On Integrating Resilience and Human Oversight into LLM-Assisted Modeling Workflows for Digital Twins

Researchers Lekshmi P and Neha Karanjkar have published a paper outlining critical design principles for integrating Large Language Models into Digital Twin creation workflows while maintaining resilience against AI hallucination. Their work, based on the open-source FactoryFlow framework, addresses the fundamental challenge of using LLMs to rapidly build executable simulations of complex systems like manufacturing plants from only coarse natural language descriptions and sensor data. The paper identifies that traditional approaches often create conflicting requirements between automation speed, model accuracy, and human oversight.

The researchers propose three key principles derived from their practical experience. First, they advocate for orthogonalizing structural modeling and parameter fitting—LLMs translate natural language descriptions of components and interconnections into an intermediate representation for human validation, while parameter inference operates continuously on live sensor data streams with expert-tunable controls. Second, they recommend restricting the model to interconnections of pre-validated library components rather than generating monolithic simulation code, which enhances interpretability and error-resilience. Third, and most innovatively, they make the case for using Python as a 'density-preserving' intermediate representation, where loops and classes compactly express regularity and hierarchy, dramatically reducing the error accumulation that occurs when descriptions expand from compact inputs.

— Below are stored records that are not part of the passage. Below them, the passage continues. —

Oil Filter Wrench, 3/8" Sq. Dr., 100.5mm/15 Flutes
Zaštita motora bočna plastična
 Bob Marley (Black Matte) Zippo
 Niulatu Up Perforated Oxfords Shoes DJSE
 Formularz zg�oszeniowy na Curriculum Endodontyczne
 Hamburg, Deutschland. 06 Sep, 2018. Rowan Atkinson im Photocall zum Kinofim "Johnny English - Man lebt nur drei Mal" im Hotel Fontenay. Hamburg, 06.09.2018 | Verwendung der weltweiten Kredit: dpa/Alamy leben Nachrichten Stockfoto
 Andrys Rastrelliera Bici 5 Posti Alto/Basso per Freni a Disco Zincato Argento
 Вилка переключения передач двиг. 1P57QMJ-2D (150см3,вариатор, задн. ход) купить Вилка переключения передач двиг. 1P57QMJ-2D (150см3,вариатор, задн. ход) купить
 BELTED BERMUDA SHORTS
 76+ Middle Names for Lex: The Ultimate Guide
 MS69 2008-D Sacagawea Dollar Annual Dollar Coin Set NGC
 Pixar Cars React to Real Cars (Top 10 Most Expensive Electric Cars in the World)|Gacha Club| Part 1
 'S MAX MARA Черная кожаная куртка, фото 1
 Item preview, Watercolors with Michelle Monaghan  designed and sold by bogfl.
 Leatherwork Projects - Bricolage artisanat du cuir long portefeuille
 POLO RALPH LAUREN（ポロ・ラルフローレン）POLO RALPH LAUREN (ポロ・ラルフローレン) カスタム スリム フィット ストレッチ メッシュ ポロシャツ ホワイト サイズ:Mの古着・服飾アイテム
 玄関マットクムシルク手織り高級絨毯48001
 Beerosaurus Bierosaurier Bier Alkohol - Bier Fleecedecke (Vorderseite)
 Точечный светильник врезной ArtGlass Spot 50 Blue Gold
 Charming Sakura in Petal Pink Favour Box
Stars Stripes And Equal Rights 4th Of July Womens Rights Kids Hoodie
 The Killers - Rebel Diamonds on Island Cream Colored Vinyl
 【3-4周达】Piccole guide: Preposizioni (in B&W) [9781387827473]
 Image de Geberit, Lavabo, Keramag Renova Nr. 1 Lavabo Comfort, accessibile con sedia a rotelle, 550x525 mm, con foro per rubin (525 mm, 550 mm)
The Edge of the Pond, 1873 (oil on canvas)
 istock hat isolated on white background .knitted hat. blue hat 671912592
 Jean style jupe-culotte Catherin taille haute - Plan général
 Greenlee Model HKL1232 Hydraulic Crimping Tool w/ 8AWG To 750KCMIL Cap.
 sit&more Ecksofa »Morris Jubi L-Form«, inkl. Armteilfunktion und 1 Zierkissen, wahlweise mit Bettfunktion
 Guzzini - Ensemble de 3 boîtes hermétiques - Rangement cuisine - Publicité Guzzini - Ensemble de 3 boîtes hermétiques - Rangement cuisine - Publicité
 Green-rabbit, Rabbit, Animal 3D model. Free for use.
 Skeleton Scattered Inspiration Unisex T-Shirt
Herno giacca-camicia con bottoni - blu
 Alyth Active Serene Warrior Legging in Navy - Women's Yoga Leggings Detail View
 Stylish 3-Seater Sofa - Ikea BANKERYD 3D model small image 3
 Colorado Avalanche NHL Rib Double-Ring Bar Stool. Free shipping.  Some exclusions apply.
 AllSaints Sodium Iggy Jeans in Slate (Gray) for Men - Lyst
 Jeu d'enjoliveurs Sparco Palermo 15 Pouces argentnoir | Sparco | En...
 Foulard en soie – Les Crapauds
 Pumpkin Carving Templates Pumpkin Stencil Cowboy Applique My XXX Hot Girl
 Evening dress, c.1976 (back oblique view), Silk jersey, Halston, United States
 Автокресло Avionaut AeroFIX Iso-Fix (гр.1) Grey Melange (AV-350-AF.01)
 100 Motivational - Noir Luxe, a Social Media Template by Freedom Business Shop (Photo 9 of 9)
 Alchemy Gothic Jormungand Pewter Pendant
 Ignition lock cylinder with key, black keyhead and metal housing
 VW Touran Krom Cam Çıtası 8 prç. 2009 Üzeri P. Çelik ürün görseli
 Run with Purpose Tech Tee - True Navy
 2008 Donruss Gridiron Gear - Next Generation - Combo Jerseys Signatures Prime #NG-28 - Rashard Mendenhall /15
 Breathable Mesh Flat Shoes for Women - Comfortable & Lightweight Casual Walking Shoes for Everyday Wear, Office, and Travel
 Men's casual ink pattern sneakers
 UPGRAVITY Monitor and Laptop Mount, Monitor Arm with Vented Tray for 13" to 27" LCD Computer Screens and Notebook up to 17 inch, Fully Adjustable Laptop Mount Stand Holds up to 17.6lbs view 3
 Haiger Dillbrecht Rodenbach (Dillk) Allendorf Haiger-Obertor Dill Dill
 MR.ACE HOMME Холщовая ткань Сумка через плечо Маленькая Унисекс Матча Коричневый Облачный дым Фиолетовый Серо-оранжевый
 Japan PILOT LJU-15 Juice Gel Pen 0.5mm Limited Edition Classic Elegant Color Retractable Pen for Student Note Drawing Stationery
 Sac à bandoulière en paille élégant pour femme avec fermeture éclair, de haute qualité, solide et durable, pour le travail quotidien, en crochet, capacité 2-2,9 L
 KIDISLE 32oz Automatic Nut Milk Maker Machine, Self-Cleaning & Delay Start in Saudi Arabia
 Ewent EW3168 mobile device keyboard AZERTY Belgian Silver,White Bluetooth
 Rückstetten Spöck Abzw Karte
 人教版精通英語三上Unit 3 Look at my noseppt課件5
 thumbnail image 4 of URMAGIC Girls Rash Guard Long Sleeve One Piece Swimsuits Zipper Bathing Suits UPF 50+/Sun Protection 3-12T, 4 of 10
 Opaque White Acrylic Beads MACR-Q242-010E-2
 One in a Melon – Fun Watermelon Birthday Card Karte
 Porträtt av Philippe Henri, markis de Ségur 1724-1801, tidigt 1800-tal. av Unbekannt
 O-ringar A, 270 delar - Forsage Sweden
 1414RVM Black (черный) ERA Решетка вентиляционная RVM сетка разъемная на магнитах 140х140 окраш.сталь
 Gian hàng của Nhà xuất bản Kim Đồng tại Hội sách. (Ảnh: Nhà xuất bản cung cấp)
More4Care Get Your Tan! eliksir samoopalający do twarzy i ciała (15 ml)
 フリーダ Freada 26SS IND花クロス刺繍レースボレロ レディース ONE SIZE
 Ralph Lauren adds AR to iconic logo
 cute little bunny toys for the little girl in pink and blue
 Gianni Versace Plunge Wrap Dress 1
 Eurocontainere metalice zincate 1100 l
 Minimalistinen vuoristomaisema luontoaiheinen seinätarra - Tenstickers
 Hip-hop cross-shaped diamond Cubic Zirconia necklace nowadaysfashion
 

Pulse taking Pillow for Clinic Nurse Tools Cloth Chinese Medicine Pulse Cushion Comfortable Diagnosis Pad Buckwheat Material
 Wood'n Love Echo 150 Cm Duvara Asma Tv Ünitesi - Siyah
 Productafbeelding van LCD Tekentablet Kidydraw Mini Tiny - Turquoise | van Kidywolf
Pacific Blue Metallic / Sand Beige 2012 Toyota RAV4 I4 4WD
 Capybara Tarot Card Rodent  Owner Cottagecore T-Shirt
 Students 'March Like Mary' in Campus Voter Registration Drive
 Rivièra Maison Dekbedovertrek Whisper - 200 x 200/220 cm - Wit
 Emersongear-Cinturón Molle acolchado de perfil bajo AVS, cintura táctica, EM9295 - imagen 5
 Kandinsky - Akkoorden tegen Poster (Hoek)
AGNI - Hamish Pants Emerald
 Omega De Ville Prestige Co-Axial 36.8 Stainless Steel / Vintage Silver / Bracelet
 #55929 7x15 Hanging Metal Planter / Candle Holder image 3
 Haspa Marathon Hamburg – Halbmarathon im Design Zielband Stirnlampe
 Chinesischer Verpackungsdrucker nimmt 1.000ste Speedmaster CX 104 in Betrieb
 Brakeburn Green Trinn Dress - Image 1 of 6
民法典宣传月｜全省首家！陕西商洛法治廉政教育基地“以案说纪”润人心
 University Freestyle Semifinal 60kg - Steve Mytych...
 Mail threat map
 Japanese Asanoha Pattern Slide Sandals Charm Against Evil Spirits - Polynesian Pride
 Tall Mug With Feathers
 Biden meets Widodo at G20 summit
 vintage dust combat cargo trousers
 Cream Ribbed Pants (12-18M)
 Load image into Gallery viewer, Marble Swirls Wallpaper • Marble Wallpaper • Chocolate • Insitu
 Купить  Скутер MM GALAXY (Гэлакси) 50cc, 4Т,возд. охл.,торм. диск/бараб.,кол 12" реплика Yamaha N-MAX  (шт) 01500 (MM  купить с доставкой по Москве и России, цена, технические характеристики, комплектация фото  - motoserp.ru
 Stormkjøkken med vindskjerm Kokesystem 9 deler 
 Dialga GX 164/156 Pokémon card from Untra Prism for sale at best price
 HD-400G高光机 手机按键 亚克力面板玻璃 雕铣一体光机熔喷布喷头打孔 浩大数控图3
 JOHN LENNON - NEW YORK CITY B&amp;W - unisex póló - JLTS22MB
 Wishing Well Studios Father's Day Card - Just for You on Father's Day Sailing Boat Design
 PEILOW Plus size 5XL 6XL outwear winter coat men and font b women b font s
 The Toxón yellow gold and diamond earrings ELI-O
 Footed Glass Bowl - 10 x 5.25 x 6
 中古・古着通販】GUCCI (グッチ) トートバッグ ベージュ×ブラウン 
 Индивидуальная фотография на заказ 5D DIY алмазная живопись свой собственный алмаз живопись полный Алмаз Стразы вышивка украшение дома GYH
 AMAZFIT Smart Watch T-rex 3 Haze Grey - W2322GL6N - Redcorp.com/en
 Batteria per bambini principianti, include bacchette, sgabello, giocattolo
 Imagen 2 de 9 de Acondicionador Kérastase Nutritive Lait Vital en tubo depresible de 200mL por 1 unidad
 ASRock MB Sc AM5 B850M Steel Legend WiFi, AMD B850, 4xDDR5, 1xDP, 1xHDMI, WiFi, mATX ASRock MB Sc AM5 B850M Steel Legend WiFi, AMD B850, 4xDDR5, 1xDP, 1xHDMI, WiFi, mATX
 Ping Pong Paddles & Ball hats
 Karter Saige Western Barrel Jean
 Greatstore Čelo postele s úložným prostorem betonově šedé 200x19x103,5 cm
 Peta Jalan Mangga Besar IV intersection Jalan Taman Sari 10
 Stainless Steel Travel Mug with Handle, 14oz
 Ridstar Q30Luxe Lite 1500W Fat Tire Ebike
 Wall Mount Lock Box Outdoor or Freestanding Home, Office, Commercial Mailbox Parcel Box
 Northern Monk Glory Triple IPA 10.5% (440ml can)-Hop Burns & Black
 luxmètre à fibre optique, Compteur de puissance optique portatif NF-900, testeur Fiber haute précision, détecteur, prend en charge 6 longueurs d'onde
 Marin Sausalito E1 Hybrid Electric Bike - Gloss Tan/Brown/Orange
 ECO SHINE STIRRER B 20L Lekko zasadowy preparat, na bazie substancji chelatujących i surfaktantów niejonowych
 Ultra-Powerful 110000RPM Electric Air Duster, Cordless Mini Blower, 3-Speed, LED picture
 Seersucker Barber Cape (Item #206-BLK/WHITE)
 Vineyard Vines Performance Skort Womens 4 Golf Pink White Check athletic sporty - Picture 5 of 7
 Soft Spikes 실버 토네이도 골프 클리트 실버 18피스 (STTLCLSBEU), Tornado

A significant contribution of the paper is its detailed characterization of LLM-induced errors across model descriptions of varying complexity, revealing how intermediate representation choice critically impacts error rates. The researchers demonstrate that their approach provides actionable guidance for building transparent LLM-assisted simulation automation that can scale to industrial applications while maintaining necessary human oversight. This work represents a practical bridge between rapid AI-assisted prototyping and the reliability requirements of mission-critical engineering systems.